> [Data extract]:
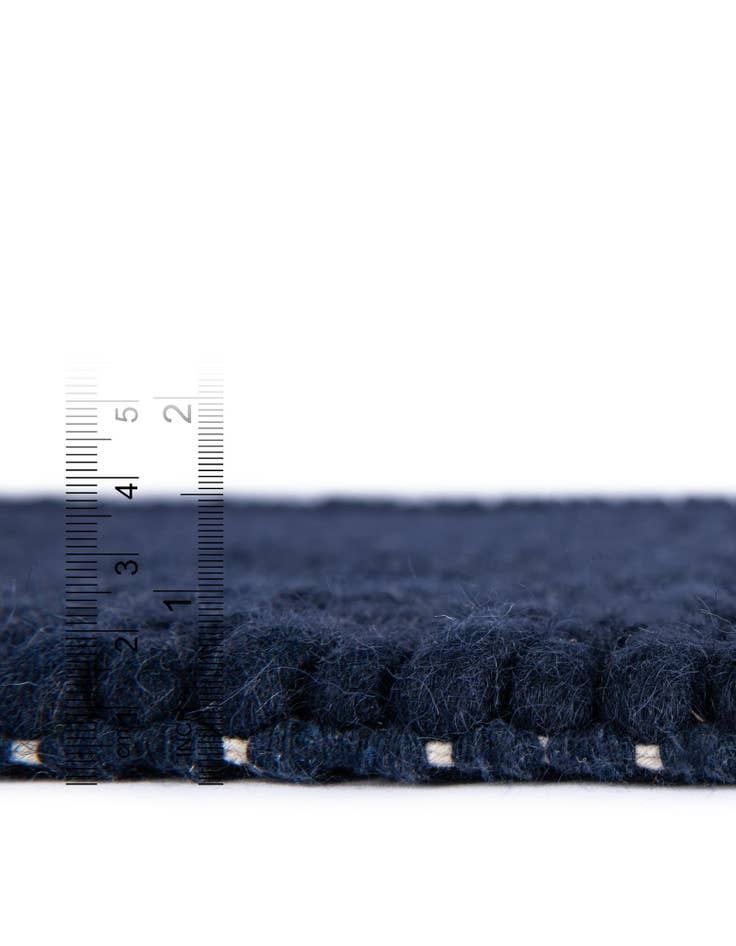 Detail image of  7' 10 x 10'  Hand Woven Lana New Zealand Wool Rug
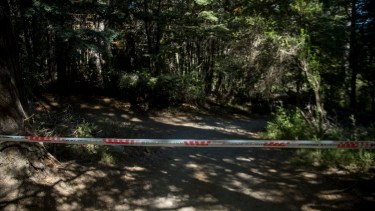 La mujer víctima de femicidio recibió 9 disparos de arma de fuego y fue hallada en el sendero a lago Escondido, en Bariloche. Foto: Marcelo Martinez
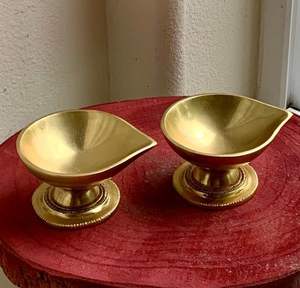 Lampe à huile moderne en laiton, petite, pour Diya, Akhand Jyoti, Puja, décoration intérieure, cadeau de retour - Product Image 4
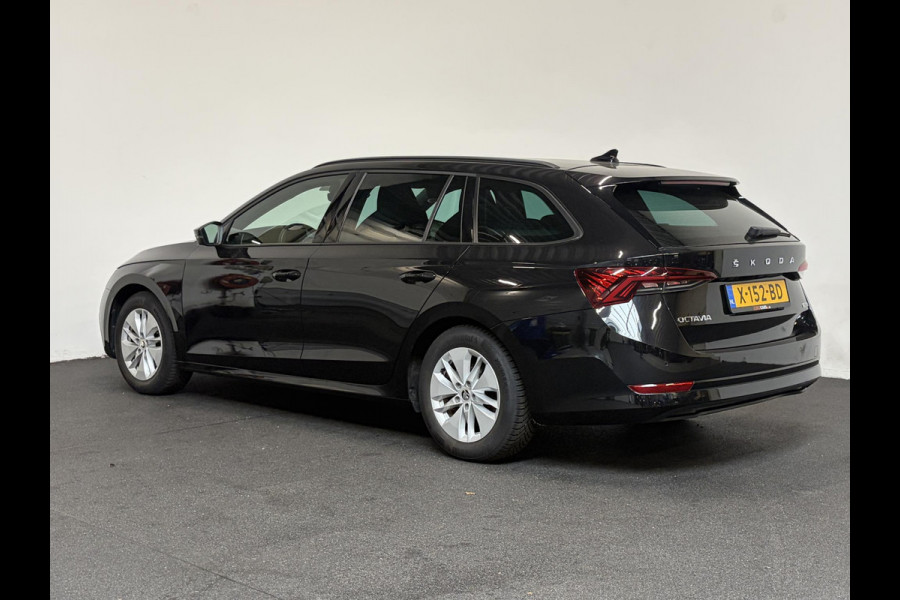 Škoda Octavia Combi 1.0 e-TSI Automaat Sport Business Trekhaak Navigatie Apple Carplay/ Android Auto Parkeersensoren Full led Virtual Cockpit Cruise control Climate control Lichtmetalen velgen Getinte ramen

> [Exercise prompt]: Your reply should consist solely of the lines from the line containing "La mujer víctima" through the last line of the listing, unchanged and free of pictures.

> [Answer area]:
 La mujer víctima de femicidio recibió 9 disparos de arma de fuego y fue hallada en el sendero a lago Escondido, en Bariloche. Foto: Marcelo Martinez
 Lampe à huile moderne en laiton, petite, pour Diya, Akhand Jyoti, Puja, décoration intérieure, cadeau de retour - Product Image 4
 Škoda Octavia Combi 1.0 e-TSI Automaat Sport Business Trekhaak Navigatie Apple Carplay/ Android Auto Parkeersensoren Full led Virtual Cockpit Cruise control Climate control Lichtmetalen velgen Getinte ramen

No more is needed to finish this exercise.